_What the exercise asks_
Please find the line that holds "Khoảnh khắc yên" below and reproduce it, along with every line after it through the end, exactly and without pictures.

[Stored dataset items]
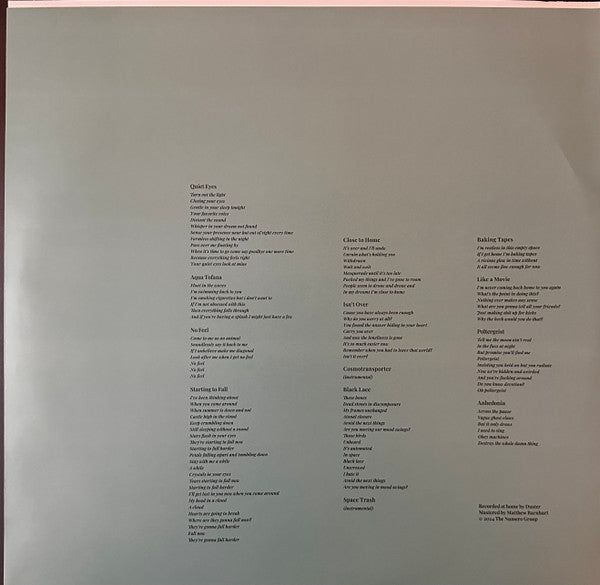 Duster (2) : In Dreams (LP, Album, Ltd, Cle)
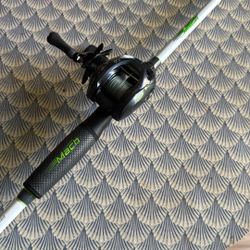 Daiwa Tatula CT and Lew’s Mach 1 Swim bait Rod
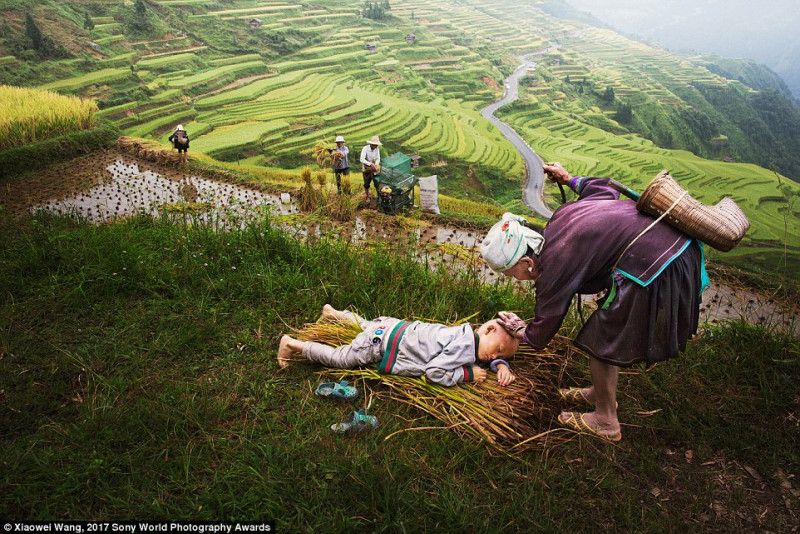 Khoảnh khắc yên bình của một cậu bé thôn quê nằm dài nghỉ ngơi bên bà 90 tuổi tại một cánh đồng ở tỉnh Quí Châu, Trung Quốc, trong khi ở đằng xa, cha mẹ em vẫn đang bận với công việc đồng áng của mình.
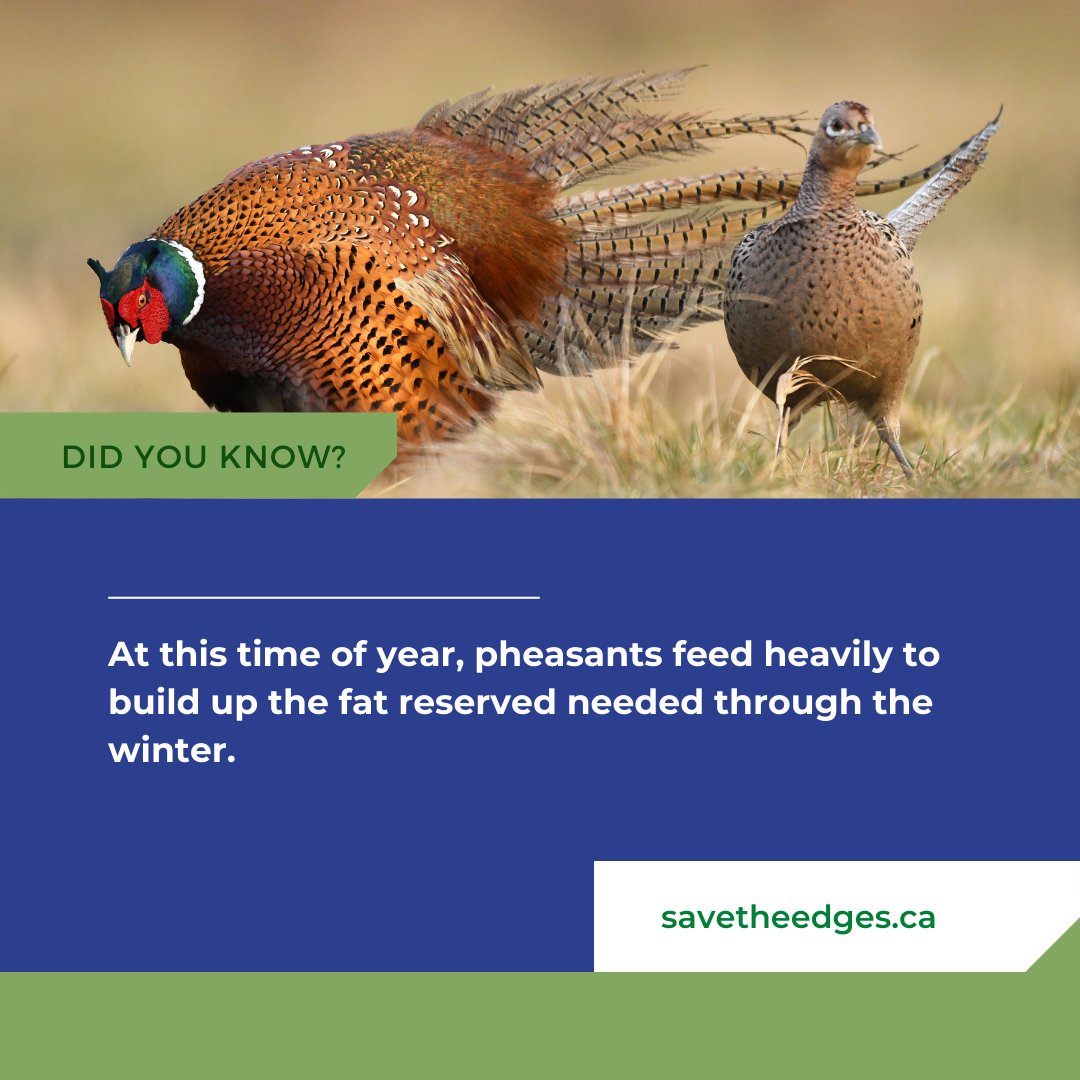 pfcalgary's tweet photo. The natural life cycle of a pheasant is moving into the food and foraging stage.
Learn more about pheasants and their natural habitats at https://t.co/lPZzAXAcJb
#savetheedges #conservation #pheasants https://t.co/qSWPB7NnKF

_Result_
 Khoảnh khắc yên bình của một cậu bé thôn quê nằm dài nghỉ ngơi bên bà 90 tuổi tại một cánh đồng ở tỉnh Quí Châu, Trung Quốc, trong khi ở đằng xa, cha mẹ em vẫn đang bận với công việc đồng áng của mình.
 pfcalgary's tweet photo. The natural life cycle of a pheasant is moving into the food and foraging stage.
Learn more about pheasants and their natural habitats at https://t.co/lPZzAXAcJb
#savetheedges #conservation #pheasants https://t.co/qSWPB7NnKF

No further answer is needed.